Griffith Uni leads globally to test trees and plants embedded in buildings


Griffith University has teamed with Aria Property Group in a new testing facility dedicated to researching the performance of trees and plants that are embedded in green buildings.

The project is being created through a funding, design and construction partnership between Griffith University’s Green Infrastructure Research Labs and Aria. It will be welcomed by developers and designers who have found their promised green wall and building designs fail for commonly unspecified reasons.

Dr Tony Matthews, a senior lecturer in urban and environmental planning at Griffith University, told The Fifth Estate he believes the long-cycle facility will be the first of its kind in a subtropical region anywhere in the world.

“What we’re building is a facility that will allow us to test the performance of different types of trees and different types of shrubs, embedded into the fabric of buildings, either into the walls of the buildings, or onto their roofs,” Dr Matthews said.

“We’re building this facility so that we can do long term analysis of species that will thrive in this setting, as well as irrigation regimes, nutrient regimes, and soil mixes.

“It will resolve a lot of those questions that currently are unresolved around things like planter design, soil mixes, irrigation and scheduling.

“In order to do that experimental research, we need to have infrastructure. We’ve had to build our own infrastructure because nothing like what we needed already existed.”

Image courtsy of Dr Ruwan Fernando.

Believed to be the first of its kind

Following more than a year of planning, tenders for the construction of the Green Infrastructure Research Testing Facility are set to open over the coming weeks, with the facility expected to be completed by the end of the year. 

According to Dr Matthews, design of the facility posed a number of significant design and engineering challenges. 

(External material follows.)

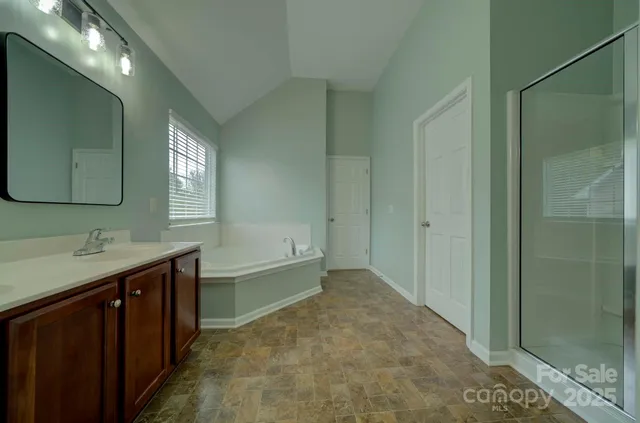 a bathroom with a bathtub and a sink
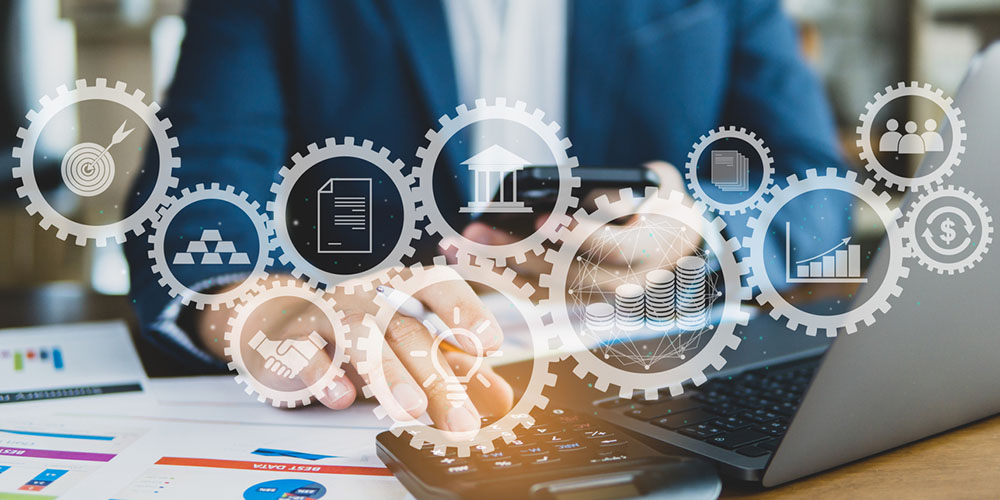 Geschäftsperson arbeitet am Laptop und Smartphone, umgeben von digitalen Symbolen für Datenintegration, Finanzen und Prozesse – Sinnbild für die ERP- & PIM-Integration im E-Commerce.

“There was no other facility anywhere in the world that we could point to and say: ‘Oh, yeah, that’s basically what we’re planning on doing. Let’s just see what they did and copy that.’ So it took us a year to design,” Dr Matthews said.

The facility will be built on the rooftop of a university building so “we’ll basically have a small forest growing on top of the building on one of our university campuses”.

“There’s been enormous structural challenges, because we want to put tonnes and tonnes of soil and trees and all kinds of things off the top of an existing building, which is full of offices and labs.”

A growing partnership

The partnership is the latest in a series of collaborations between Aria and the university. The two organisations previously joined forces with the Queensland College of Art (QCA) to support the Hope Street Studio in South Brisbane in April 2020.

“Aria Property Group is one of the major private developers who are trying to build greenery into the very fabric of the buildings that they’re designing. They have a very focused commercial interest in this, in the sense that they want their buildings obviously to perform well and sell well,” Dr Matthews said.

“They want to design the best possible buildings that integrate nature as much as possible. They’re working with us so that we can give them reliable data over time that will really give them some certainty about some of their design and investment decisions, to ensure their buildings continue to thrive in terms of their natural features.”

Dr Matthews said the work that will be produced by the facility will be vitally important because people want to live in greener cities with more nature. 

“Increasingly, we’re starting to turn our attention to integrating that nature into the very fabric of buildings themselves. But as you can imagine, that comes with a great deal of uncertainty and technical challenge.

“That might sound kind of mundane, but if you don’t have accurate data and you don’t know how to discharge design and maintenance responsibilities properly, then your green infrastructure will die. And then you’re going to be even worse off than you were before.”

Green infrastructure testing more broadly in terms of species selection and performance is not widely studied in the global subtropics, he said. 

“There’s a lot more knowledge and research and data in other climate zones than in subtropical zones. But there’s a lot of people living in the subtropics globally. So that’s the population that will be scaling our research towards.”